The CGIAR Research Program on Grain Legumes and Dryland Cereals Agri-food Systems (CRP GLDC), launched in January 2018, focuses on increasing the productivity, profitability, resilience and marketability of critical and nutritious grain legume and cereal crops grown in Sub-Saharan Africa and South Asia.
This second-phase research programme combines the lessons learned from three phase-one CRPs: Dryland Cereals, Grain Legumes and Dryland Systems. CRP-GLDC is a Research for Development investment of 413 million USD over five years (2018-2022).
CRP-GLDC is one of twelve CGIAR research programmes delivering to CGIAR’s Strategy and Results Framework (SRF) 2016–2030. CGIAR and its partners will aim for 150 million fewer hungry people, 100 million fewer poor people, at least 50 per cent of whom are women, and 190 million hectares less degraded land by 2030.
The research programme has prioritised integrated research for development on six legume (chickpea, cowpea, pigeonpea, groundnut, lentil, soybean) and three cereal (sorghum, pearl millet, finger millet) crops grown in semi-arid and sub-humid dryland agro-ecologies.
Co-operation of international research centres
The research programme on Grain Legumes and Dryland Cereals Agro-food Systems” (GLDC) will be managed by the International Crops Research Institute for the Semi-Arid Tropics (ICRISAT), supported by the International Institute of Tropical Agriculture (IITA), the World Agroforestry Center (ICRAF), the International Center for Agricultural Research in the Dry Areas (ICARDA), the International Livestock Research Institute (ILRI), the International Water Management Institute (IWMI) and Bioversity International. These CGIAR partners will lead key programmes of the CRP along with Australia’s Commonwealth Scientific and Industrial Research Organization (CSIRO) as well as France’s agricultural research and international co-operation organisation CIRAD and its “Institut de recherche pour le développement” (IRD).

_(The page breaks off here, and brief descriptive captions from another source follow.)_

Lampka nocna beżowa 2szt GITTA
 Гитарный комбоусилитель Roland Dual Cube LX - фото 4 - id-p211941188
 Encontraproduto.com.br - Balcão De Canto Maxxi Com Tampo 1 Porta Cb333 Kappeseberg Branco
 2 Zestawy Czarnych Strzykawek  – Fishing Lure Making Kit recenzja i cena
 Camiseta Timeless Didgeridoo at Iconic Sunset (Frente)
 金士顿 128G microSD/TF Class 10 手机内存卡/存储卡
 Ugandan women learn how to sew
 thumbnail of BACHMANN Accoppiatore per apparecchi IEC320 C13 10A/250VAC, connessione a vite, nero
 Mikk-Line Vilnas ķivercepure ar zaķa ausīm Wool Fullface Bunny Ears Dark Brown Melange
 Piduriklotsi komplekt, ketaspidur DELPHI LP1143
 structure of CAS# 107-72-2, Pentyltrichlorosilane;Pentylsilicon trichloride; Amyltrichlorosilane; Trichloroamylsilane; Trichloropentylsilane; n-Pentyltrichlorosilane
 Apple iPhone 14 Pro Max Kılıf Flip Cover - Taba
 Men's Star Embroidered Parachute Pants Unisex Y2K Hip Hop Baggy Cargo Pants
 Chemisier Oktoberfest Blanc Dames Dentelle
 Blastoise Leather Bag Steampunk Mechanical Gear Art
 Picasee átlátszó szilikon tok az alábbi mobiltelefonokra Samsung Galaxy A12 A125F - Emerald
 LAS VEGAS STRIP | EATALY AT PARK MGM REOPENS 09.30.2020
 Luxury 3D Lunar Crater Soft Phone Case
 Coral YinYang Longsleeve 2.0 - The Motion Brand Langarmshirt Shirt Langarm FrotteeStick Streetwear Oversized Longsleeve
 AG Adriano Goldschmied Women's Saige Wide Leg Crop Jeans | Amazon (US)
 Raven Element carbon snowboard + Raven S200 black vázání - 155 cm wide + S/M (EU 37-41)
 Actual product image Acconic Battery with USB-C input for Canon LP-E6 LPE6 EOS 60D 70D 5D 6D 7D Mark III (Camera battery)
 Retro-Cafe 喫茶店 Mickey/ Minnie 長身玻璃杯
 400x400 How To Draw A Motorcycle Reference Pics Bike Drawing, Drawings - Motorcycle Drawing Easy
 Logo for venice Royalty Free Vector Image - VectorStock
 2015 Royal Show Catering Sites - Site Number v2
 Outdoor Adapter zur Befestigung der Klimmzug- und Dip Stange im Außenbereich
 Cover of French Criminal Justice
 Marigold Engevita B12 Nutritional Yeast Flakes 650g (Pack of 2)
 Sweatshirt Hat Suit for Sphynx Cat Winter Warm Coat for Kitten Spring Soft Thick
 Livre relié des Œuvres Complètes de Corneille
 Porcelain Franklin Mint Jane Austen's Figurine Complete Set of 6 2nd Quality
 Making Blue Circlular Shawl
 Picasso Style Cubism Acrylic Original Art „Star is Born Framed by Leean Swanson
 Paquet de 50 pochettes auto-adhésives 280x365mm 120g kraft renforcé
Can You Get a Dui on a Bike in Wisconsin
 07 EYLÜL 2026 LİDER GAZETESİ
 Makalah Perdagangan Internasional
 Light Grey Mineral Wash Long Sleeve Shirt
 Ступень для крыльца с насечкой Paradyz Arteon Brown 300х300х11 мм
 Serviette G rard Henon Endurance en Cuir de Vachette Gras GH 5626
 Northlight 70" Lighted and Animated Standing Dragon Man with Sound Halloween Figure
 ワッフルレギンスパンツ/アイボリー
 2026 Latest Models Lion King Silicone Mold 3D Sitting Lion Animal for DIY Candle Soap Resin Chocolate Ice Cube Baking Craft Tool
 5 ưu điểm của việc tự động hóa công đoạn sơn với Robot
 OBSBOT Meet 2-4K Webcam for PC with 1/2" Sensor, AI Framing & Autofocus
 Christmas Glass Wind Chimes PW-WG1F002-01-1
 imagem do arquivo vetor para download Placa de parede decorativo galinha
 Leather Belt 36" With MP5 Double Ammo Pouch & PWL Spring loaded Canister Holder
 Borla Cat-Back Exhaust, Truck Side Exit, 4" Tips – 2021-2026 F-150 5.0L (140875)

Broad partnerships are essential for CRP-GLDC and include the National Agricultural Research Systems (NARS) collaborators in West Africa (Nigeria, Mali, Burkina Faso, Niger), East and Southern Africa (Ethiopia, Sudan, Malawi, Uganda, Tanzania, Zambia, Mozambique), and South Asia (India and Myanmar), sub-regional organisations, non-government organisations and private companies to increase regional adoption of improved crop varieties and enhance market opportunities for smallholder farmers.